Catalina propuso hacer una cena colaborativa con otros cocineros que tuvieran una intención similar de rescate de la biodiversidad, de aprovechamiento de los recursos naturales disponibles y del trabajo con las comunidades. La idea era explorar los diferentes territorios colombianos y ofrecer una pequeña muestra de lo que se produce en ellos. Escogió entonces trabajar con Jaime Rodríguez, chef de Celele en Cartagena; con Jennifer Rodríguez, chef de Mestizo en Mesitas del Colegio, y con Antonuela Ariza y Eduardo Martínez, de Minimal, en Bogotá.

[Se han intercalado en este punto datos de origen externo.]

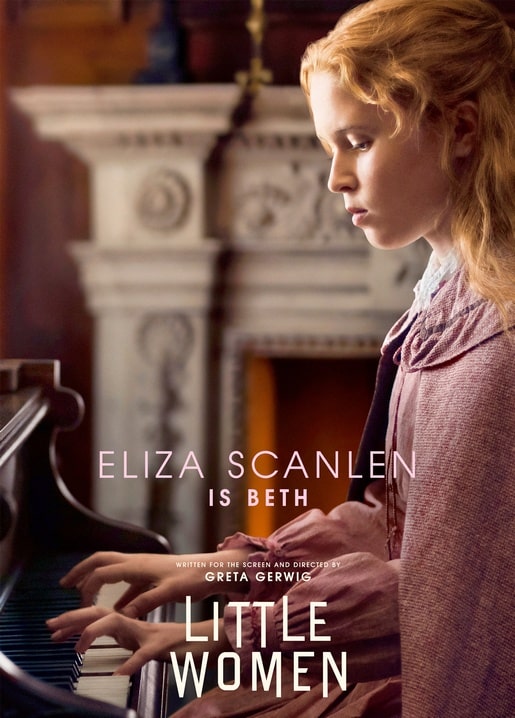 Eliza Scanlen als Beth spielt Klavier vor einem Marmorkamin, Szene aus Little Women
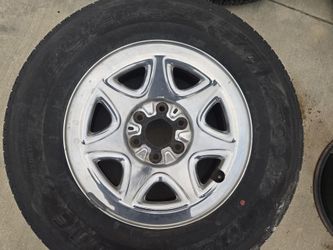 17in  6 lug  GM  Wheels   & Tires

“Cada uno desde su lugar, desde su narrativa, estamos en el proceso de permitirnos ver el país y ver los oficios y ver el campesinado desde un lugar muy apreciativo, muy congruente, muy coherente”, explica Catalina, que además es amiga y ha cocinado con todos en distintos momentos.
El siguiente reto fue el menú. Todos propusieron platos que tuvieran en sus restaurantes, o en sus cabezas, y que estuvieran ligados con la búsqueda de cada uno. Pero llegar a un acuerdo con los organizadores no fue fácil. Al comienzo les propusieron a los chefs incluir carne. Sin embargo todos se negaron de plano a hacerlo, porque buscaban un menú basado en las plantas y que no tuviera los típicos ingredientes de este tipo de cenas. Poco a poco fueron llegando a un consenso y el menú final tiene ingredientes de la Costa Caribe, del Pacífico, de la Amazonía, de la región de Nariño, del Cauca, del Altiplano Cundiboyacense y de la Sierra Nevada.

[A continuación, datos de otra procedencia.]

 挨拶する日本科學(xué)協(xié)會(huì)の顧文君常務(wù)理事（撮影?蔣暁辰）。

Como si fuera poco, está hecho con ingredientes de temporada y recolectados de manera artesanal por diversas comunidades. “La idea no es adaptar el bosque al menú sino adaptar el menú al bosque”, explica Catalina.
Mis en place
Los chefs comienzan a llegar al campus del CIAT (Centro Internacional de Agricultura Tropical), anfitrión del evento, el domingo en la noche. Cada uno viene cargado con pequeñas neveras de icopor y lleva en la maleta, junto con sus uniformes de cocina, los ingredientes secos o que no necesitan de cadena de frío. La idea era que ellos mismos se encargaran de transportar sus ingredientes para no tener que enviarlos en aviones aparte y así reducir la huella de carbono.
Veo por primera vez a los Minimal, como los llaman los demás, en la tarde del lunes, cuando buscaban un depilador de cejas. Antonuela había conseguido uno, pero necesitaban dos más para separar las patas de unas pequeñas hormigas arrieras criadas en el Amazonas, y que adornarían su plato, llamado Hongos, que también tenía tucupí, casabe, acedera y farofa. “Todas son harinas de yuca ―me explica Antonuela mientras pone las hormigas sobre una pequeña bandeja con la paciencia de una artesana―. Hay varios tipos de setas y sobre esta preparación pondremos estas pequeñas hormigas, cubiertas con un polvo dorado. Se ven hermosas, parecen precolombinas”.
El plato inicialmente tenía mambe, es decir, coca, que también viene de las comunidades del Amazonas, pero fue uno de los ingredientes que no pudieron presentar. “Hay personas que no comprenderían que usemos la coca ―dice Eduardo con tristeza―. Al comienzo nosotros queríamos algo mucho más arriesgado, pero tuvimos que llegar a un compromiso”.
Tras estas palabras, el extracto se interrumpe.